Dans mon «interactive workshop», nous venons de rendre un «numbers-driven interactive», un reportage codé sous Flash composé essentiellement de données. L’exercice nous a forcés à chercher des sujets où il y avait un intérêt à sortir des données, puis à réfléchir à la façon de présenter ces données de la manière la plus logique et claire.

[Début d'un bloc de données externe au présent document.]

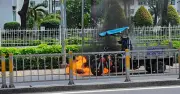 TPHCM: Xe ba gác bất ngờ bốc cháy khi đang chạy trên đường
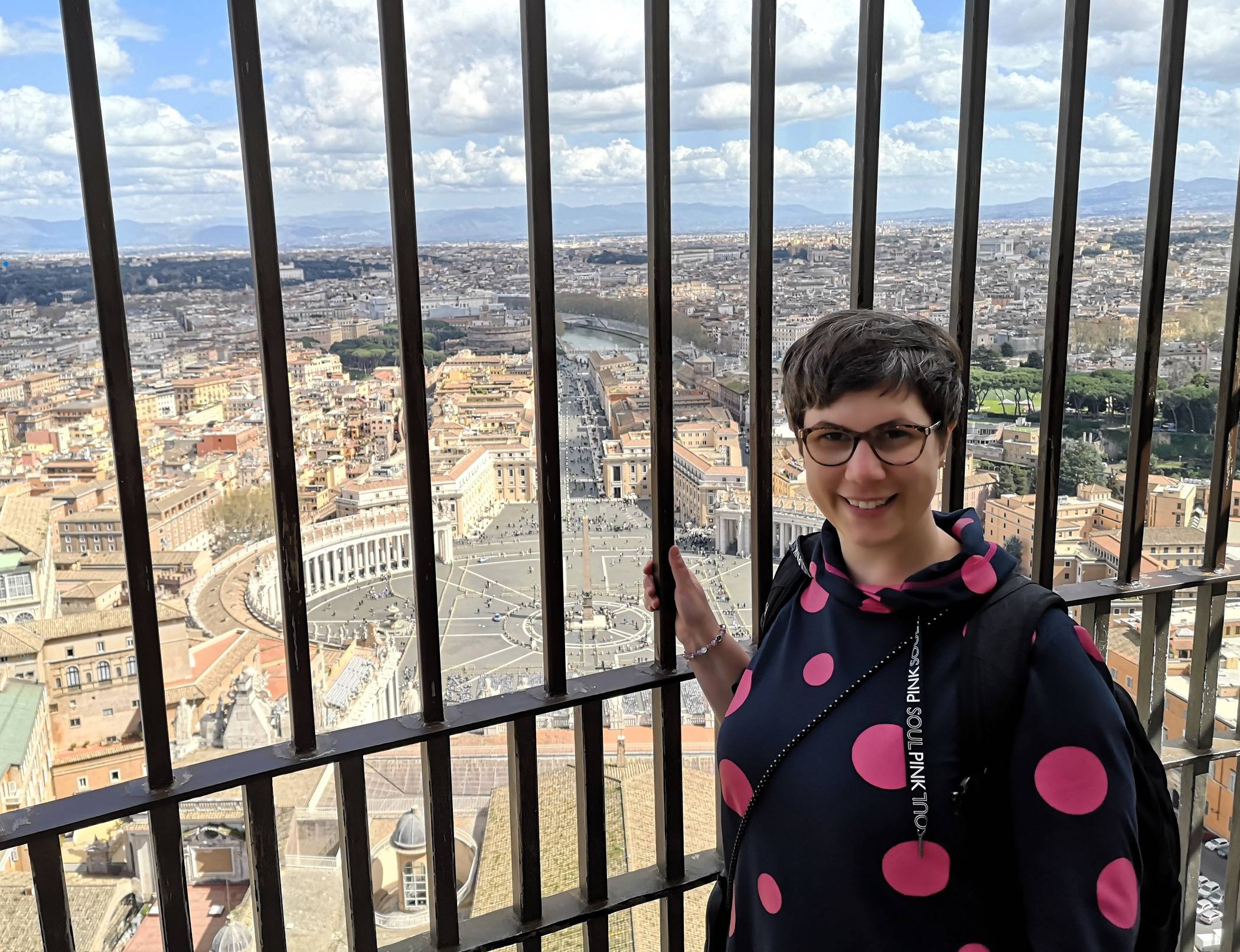     Stefanie Wischnewskis Weihnachtsbotschaft an alle Wuppertaler:                 „Weihnachten feiern wir die Geburt Jesu als Fest der Hoffnung auf eine bessere Welt.                                 Nach dem Vorbild Jesu sollten wir uns mehr auf das Miteinander als auf das Gegeneinander konzentrieren.                                 Jeder kleine Funke kann ein großes Feuer entfachen.“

Pour les lecteurs matheux du Medialab, ça paraît peut-être évident, mais la plupart des étudiants en journalisme sont des littéraires avec un lourd passif anti-mathématiques. Flash et son language, Action Script 3.0, avaient déjà commencer à nous décoincer (le jour où on a réussi à comprendre ce que voulait dire “myImageLoader.load(myImage); i=i+1; if(i>=myXML.photo.length()){i=0}”, on n’a plus eu peur de réviser nos règles de trigonométrie). N’empêche que quand j’ai ouvert les rapports annuels de la police et des cours judiciaires new-yorkaises pour obtenir les chiffres d’arrestations dont j’avais besoin pour mon projet, et commencé à tester plusieurs types de graphiques pour les représenter, je n’ai pas fait ma fière.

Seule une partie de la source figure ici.